> DATA LISTING
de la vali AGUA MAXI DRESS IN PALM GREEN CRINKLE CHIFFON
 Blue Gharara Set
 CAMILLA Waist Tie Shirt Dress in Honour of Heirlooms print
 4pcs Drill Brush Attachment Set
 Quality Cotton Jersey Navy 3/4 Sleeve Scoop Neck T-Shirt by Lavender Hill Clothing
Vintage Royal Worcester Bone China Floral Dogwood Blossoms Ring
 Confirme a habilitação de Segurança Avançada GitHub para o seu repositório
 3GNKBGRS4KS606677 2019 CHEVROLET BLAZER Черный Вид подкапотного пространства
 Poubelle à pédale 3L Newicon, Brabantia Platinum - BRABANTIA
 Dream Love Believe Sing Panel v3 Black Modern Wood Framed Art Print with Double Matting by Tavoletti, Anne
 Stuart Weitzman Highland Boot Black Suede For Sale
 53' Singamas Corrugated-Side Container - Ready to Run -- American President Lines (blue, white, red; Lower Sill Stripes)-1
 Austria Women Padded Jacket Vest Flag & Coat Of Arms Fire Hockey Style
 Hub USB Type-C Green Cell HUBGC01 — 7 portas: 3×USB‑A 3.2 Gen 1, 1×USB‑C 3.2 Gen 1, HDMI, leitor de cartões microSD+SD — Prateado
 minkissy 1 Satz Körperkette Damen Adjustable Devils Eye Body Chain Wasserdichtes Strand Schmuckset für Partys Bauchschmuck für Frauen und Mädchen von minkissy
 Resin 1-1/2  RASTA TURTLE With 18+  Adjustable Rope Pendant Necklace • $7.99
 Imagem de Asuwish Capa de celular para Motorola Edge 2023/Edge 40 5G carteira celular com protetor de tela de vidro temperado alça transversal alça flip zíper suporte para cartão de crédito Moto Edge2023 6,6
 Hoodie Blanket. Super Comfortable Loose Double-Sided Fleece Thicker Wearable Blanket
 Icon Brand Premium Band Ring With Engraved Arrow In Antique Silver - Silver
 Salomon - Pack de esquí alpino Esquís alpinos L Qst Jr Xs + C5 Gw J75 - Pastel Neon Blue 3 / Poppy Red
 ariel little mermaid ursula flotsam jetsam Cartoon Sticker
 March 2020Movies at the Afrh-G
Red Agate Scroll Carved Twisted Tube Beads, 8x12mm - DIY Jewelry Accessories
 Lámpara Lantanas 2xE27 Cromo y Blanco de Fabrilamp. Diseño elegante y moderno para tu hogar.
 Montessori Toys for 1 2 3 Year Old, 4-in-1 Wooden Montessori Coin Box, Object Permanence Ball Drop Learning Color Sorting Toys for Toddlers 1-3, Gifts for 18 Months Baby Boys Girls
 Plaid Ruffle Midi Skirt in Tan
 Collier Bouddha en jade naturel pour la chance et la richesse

> TO DO
Wherever the line holding "Blue Gharara Set" falls in the entries above, copy exactly from it through the line holding "Red Agate Scroll", inclusive, and add nothing.

> EXPECTED OUTPUT
 Blue Gharara Set
 CAMILLA Waist Tie Shirt Dress in Honour of Heirlooms print
 4pcs Drill Brush Attachment Set
 Quality Cotton Jersey Navy 3/4 Sleeve Scoop Neck T-Shirt by Lavender Hill Clothing
Vintage Royal Worcester Bone China Floral Dogwood Blossoms Ring
 Confirme a habilitação de Segurança Avançada GitHub para o seu repositório
 3GNKBGRS4KS606677 2019 CHEVROLET BLAZER Черный Вид подкапотного пространства
 Poubelle à pédale 3L Newicon, Brabantia Platinum - BRABANTIA
 Dream Love Believe Sing Panel v3 Black Modern Wood Framed Art Print with Double Matting by Tavoletti, Anne
 Stuart Weitzman Highland Boot Black Suede For Sale
 53' Singamas Corrugated-Side Container - Ready to Run -- American President Lines (blue, white, red; Lower Sill Stripes)-1
 Austria Women Padded Jacket Vest Flag & Coat Of Arms Fire Hockey Style
 Hub USB Type-C Green Cell HUBGC01 — 7 portas: 3×USB‑A 3.2 Gen 1, 1×USB‑C 3.2 Gen 1, HDMI, leitor de cartões microSD+SD — Prateado
 minkissy 1 Satz Körperkette Damen Adjustable Devils Eye Body Chain Wasserdichtes Strand Schmuckset für Partys Bauchschmuck für Frauen und Mädchen von minkissy
 Resin 1-1/2  RASTA TURTLE With 18+  Adjustable Rope Pendant Necklace • $7.99
 Imagem de Asuwish Capa de celular para Motorola Edge 2023/Edge 40 5G carteira celular com protetor de tela de vidro temperado alça transversal alça flip zíper suporte para cartão de crédito Moto Edge2023 6,6
 Hoodie Blanket. Super Comfortable Loose Double-Sided Fleece Thicker Wearable Blanket
 Icon Brand Premium Band Ring With Engraved Arrow In Antique Silver - Silver
 Salomon - Pack de esquí alpino Esquís alpinos L Qst Jr Xs + C5 Gw J75 - Pastel Neon Blue 3 / Poppy Red
 ariel little mermaid ursula flotsam jetsam Cartoon Sticker
 March 2020Movies at the Afrh-G
Red Agate Scroll Carved Twisted Tube Beads, 8x12mm - DIY Jewelry Accessories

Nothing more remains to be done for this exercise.